Joanna: The allergy question is a tricky one. Some people believe we have seen an increase in allergies and sensitivities because of our overprotection from illness. For example, the use of antibacterial gel and the number of vaccinations our children get so early in life. Basically, our immune system is meant to respond to germs. If there are not enough germs to react to because we fight them before we encounter them our immune system becomes hypersensitive or over-responsive to other things, such as food. However, I don't feel like we can blame one snowflake for an avalanche. We need to consider other factors like diet and environment. The typical American diet consists of processed food containing preservatives and additives. It is next to impossible to find a product that does not contain soy, whether it is soy lecithin or soy bean oil. Our bodies were not built to function with so many artificial flavors and preservatives. The use of pesticides also impacts our health. The purpose of a pesticide is to kill life, ingesting them into our bodies has an impact on our life over time. Also, the number of chemicals we are exposed to in our environment from car air-fresheners, off gassing of new furniture and cars, to cleaners we use in our home and on our bodies, directly challenge the body's immune system. There are 82,000+ chemicals used for various reasons in our society, many of these chemicals have never been tested for their safety. All of these things contribute to allergies in my opinion. My advice to support the immune system and help prevent allergies is to eat organic, whole foods whenever possible, and to minimize exposure to chemicals by choosing safer cleaning products.

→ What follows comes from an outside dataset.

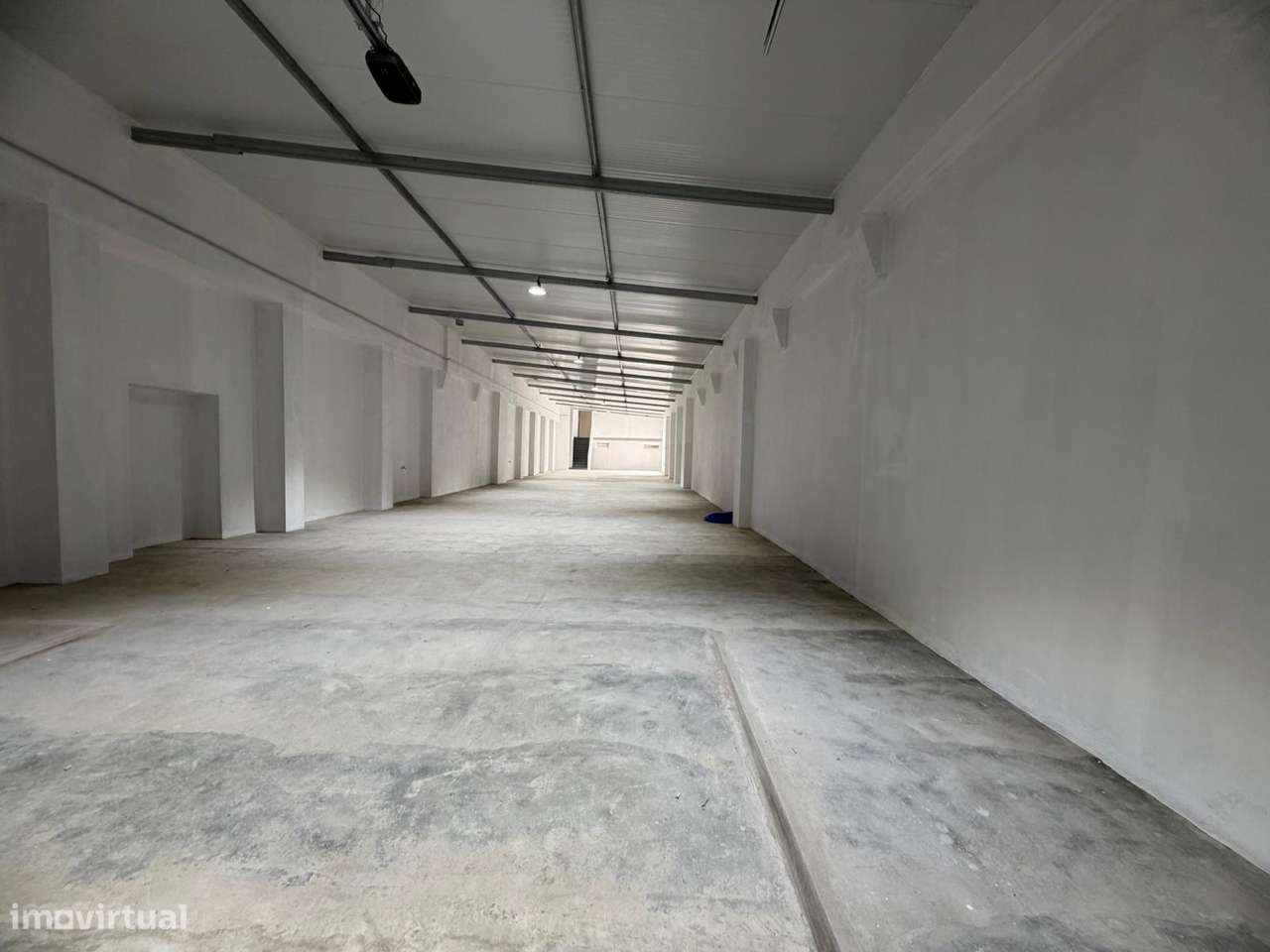 Armazém Totalmente Remodelado na Baixa da Banheira-0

In my practice I have worked with many picky eaters who have allergies. Often times because children with allergies are on restricted diets, they become picky about their food. I have also worked with a number of children who have food sensitivities which can cause a host of problems from eczema to attention/behavioral problems. Removing sensitivities or allergens from a child's diet can have profound effects on their health. For example, I worked with one child who suffered from severe eczema. Once we removed soy and dairy from his diet and increased his intake of EFA's, his skin completely cleared up.
Christine: We've talked all serious up to now. Tell us about the favorite things you do to unwind or any hidden/unusual talents you may have.
Joanna: Without sounding like I am writing a singles ad, I enjoy reading, spending time with my daughter and husband, having meaningful conversations with a good friend, going for walks, cooking, and sneaking in a yoga practice from time to time. I have no hidden talents -- I wish I did!